Ben Powis - Head of Data Science
Joel Lenden - Junior Data Scientist
Tobi Osinowo - Data Scientist
Jim Taylor - Data Analyst
Oisin Devitt - Data Analyst
Our journey began in 1987 by founders Mark Ellis and Martin Churchward (the 'two Ms'), selling end of line sports products directly to customers in the UK.
Now more than 30 years on, we're now one of Europe's leading online off price retailers - with over 2 million active customers. We have dedicated local market websites in Ireland, Germany, France, Netherlands, Denmark and Poland as well as dispatching to another 20+ countries worldwide.
Our success is down to our commitment and passion for seeking out the biggest fashion, sport and outdoor brands at unbeatably low prices all year round, to make sure you get even more for your money.
MandM Direct is one of the largest online retailers in the United Kingdom with over 3.5 million active customers and seven dedicated local market websites across Europe. The company delivers more than 300 brands annually to 25+ countries worldwide - which means that in 2020, we grew fast. This meant more customers and, therefore more data, which magnified some of our challenges:
The core data team is made up of four people (two data scientists, and two data analysts), but we extend our reach by leveraging a hub and spoke model for our data center of excellence, meaning we work with analysts embedded across the business lines to scale our efforts. However, this requires an easy way to enable those teams to leverage data to answer business questions that doesn’t necessarily involve code.
MandM’s first machine learning models were written in Python (.py files) and run on the data scientist’s local machine, and we needed a way to prevent interruptions or failure of the machine learning deployments.
In an attempt to tackle the second challenge, our team moved these .py files to Google Cloud Platform (GCP), and the outcome was well received by the business and technical teams in the organization. However, once the number of models in production went from one to three and more, we quickly realized the burden involved in maintaining models. There were too many disconnected datasets and Python files running on the virtual machine, and we had no way to check or stop the machine learning pipeline.
We turned to the powerful combination of Dataiku and GCP to answer these critical challenges. With Google BigQuery’s fully-managed, serverless data warehouse, we were able to break the data silos and democratize data access across teams. MandM Direct was one of the first online retailers to implement Google BigQuery across the organization.
At the same time, thanks to Dataiku’s visual and collaborative interface for data pipelining, data preparation, model training, and MLOps, our team could also easily scale out the models in production without failure or interruptions - all this in a transparent and traceable way.
MandM now has hundreds of live models doing everything from scoring customer propensity to generating pricing models, all with visibility into model performance metrics, clear separation of design and production environments, and many more MLOps capabilities built into the platform.
Teams can now easily push-down and offload computations for both data preparation and machine learning to GCP. Using Dataiku means this capability is accessible to all user profiles across the organization, without knowing the underlying technologies or complexity.

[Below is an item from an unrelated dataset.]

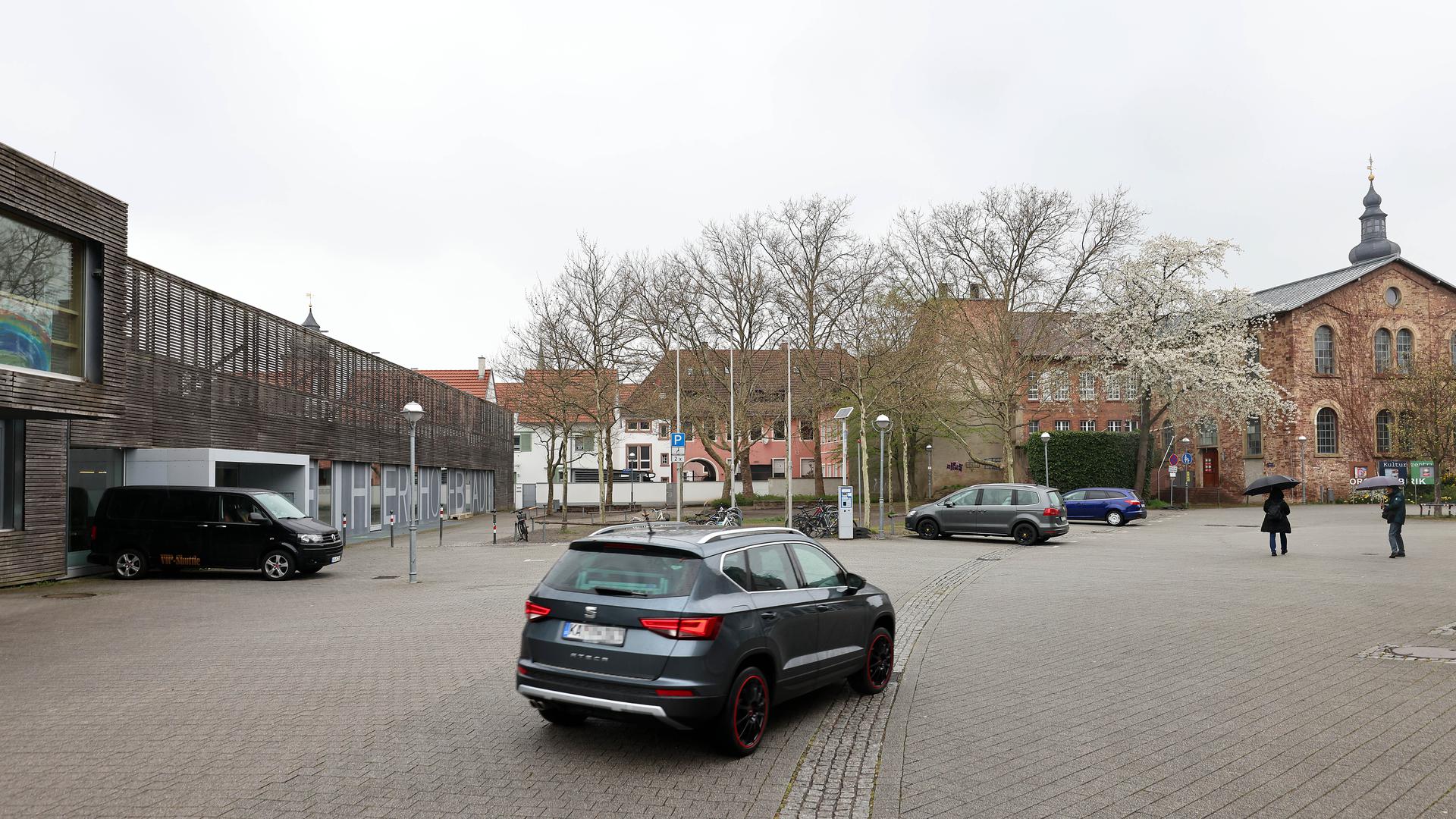 Am 1. April 2022 sind im Weiherhof in Durlach einige Autos geparkt. Links vorne der Schülerhort, daran schließt sich das Weiherhofbad an. Rechts das Kulturzentrum Orgelfabrik mit dem Durchgang zum Altstadtring.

We love the flexibility offered by Dataiku. We do have a mix of people that go more toward AutoML and visual tools as well as one data scientist who loves to work in code. That’s the beauty of the platform and why we chose it — we didn’t want a low-code tool where we could get lazy and just click a few buttons. Now the team has the best of both worlds: if they want to nerd out and go under the hood, they can do that. If they need a quick model, they can do that too.
The benefits we have seen by using Dataiku and GCP aren’t limited to time saved from tedious maintenance work - we’re also having more impact across the business. Since we began our journey with Dataiku in January 2020, 54 projects were created, which handle 1,171 different datasets and are orchestrated by 53 different scenarios, making sure our models build only when the data is available and validated. We have 9 large projects deployed to an automation node, which are solving complex business problems or providing advanced insight on a daily basis.
Our data team is now able to deliver a variety of solutions on business problems from adtech to customer lifetime value, whether that’s a dashboard, a more detailed piece of analysis or a machine learning project deployed in production.
For example, one application might be business users in the buying and merchandising teams, who could interact with machine learning models in their day-to-day work through Dataiku applications, which provide a nontechnical interface for projects developed by the data team.
We’ve also built out a feature library with Dataiku that contains more than 400 features specific to MandM’s business. Now, the feature library is the first place people go, sort of like a shop window for machine learning projects — it takes away the monotony and repetition of their work.
Having a platform like Dataiku allows our data scientists to focus on building cool things, not spending hours and hours on maintenance and making sure things are running. With workflows deployed in Dataiku, we save days of work every month.